Live Review: Heimspiel in Hannover – Fury in the Slaughterhouse feiern ihr Album-Release auf der Gilde Parkbühne

Es gibt Konzerte und es gibt Abende, die sich eher wie ein großes Klassentreffen anfühlen. Das Album-Release-Konzert von Fury in the Slaughterhouse auf der Gilde Parkbühne gehörte eindeutig zur zweiten Kategorie. Heimspiel eben. Eine Band, die seit Jahrzehnten zur DNA Hannovers gehört, ein Publikum aus mehreren Generationen und ein neues Album im Gepäck.

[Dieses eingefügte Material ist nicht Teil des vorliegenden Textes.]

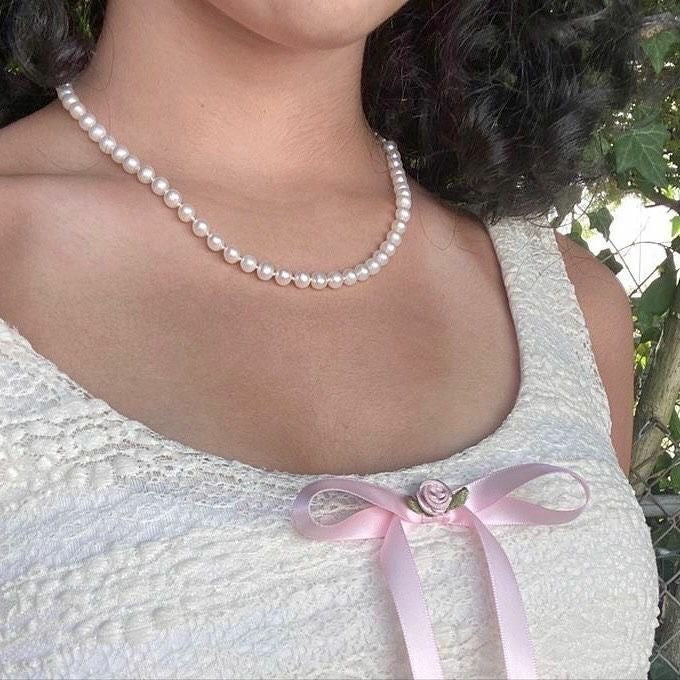 Pearly pearl necklace 🤍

Schon vor dem ersten Ton lag diese besondere Stimmung über der Parkbühne. Alte Tourshirts trafen auf junge Fans, die Fury erst in den vergangenen Jahren für sich entdeckt haben. Kaum war die Band auf der Bühne, war klar: Das wird kein nostalgischer Rückblick, sondern ein Abend der wie das Album, für Veränderung steht 

Im Mittelpunkt standen selbstverständlich die Songs des am selben Tag veröffentlichten neuen Albums „Changes«. Mutig, denn ein komplettes Set neuer Stücke kann ein Publikum auch mal auf die Probe stellen. Fury schafften jedoch den Spagat zwischen Neugier und Vertrautheit. Die neuen Songs wirkten live deutlich direkter als auf Platte, mit satten Gitarren, eingängigen Refrains und genau der Mischung aus Melancholie und Optimismus, die die Band seit jeher auszeichnet. 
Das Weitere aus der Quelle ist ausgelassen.